Gov. Greg Abbott, standing with fellow Republicans Lt. Gov. Dan Patrick and House Speaker Dennis Bonnen, along with the heads of both chambers’ tax-writing committees, presented a united front on Jan. 31 for a plan to limit property-tax growth.
The proposal, introduced in both houses of the Legislature, seeks to limit property-tax growth by requiring voter approval before cities, counties and school districts can raise tax rates by more than 2.5 percent.
It’s somewhat similar to a proposal from the last legislative session in 2017 that drew a vigorous opposition from local municipalities.
Abbott's proposal has a basic premise: "Provide one simple method by which taxpayers are protected from excessive increases in their tax burden."
The plan has again run afoul of local officials, but – unlike last session –there is some hope for a compromise.

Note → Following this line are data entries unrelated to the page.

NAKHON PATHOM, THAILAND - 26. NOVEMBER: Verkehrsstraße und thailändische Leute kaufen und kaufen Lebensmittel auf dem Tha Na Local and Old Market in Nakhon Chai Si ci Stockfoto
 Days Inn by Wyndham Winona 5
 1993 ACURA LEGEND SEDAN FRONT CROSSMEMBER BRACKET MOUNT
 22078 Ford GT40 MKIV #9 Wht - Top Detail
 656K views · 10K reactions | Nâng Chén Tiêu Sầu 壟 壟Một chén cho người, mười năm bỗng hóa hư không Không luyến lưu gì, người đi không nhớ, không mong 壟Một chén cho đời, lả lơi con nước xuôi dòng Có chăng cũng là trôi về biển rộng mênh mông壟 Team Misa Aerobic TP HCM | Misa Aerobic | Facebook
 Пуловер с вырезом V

Also unlike the last session, when Abbott never put his support behind that proposal, he has signed on to the measure mentioning it as one of his top priorities in his State of the State address. However, just like last time, municipalities are generally united against any plan that limits their authority.
Tarrant County Judge Glen Whitley and other local officials have said they oppose any plan that ties their hands, particularly when the state continues to hand down unfunded mandates.
Abbott has signaled that he may also tackle unfunded mandates. In his inaugural address on Jan. 15, he said: “To fix this, Texas must limit the ability of taxing authorities to raise your property taxes. At the same time, Texas must end unfunded mandates on cities and counties. And taxpayers should be given the power to fire their property tax appraiser.”
That could provide more maneuvering room with local municipalities.
Chris Wallace, president of the North Texas Commission, said the new plan by the governor, as currently fashioned, won’t be acceptable to his organization’s member businesses, cities, counties, chambers of commerce, economic development entities and higher education institutions.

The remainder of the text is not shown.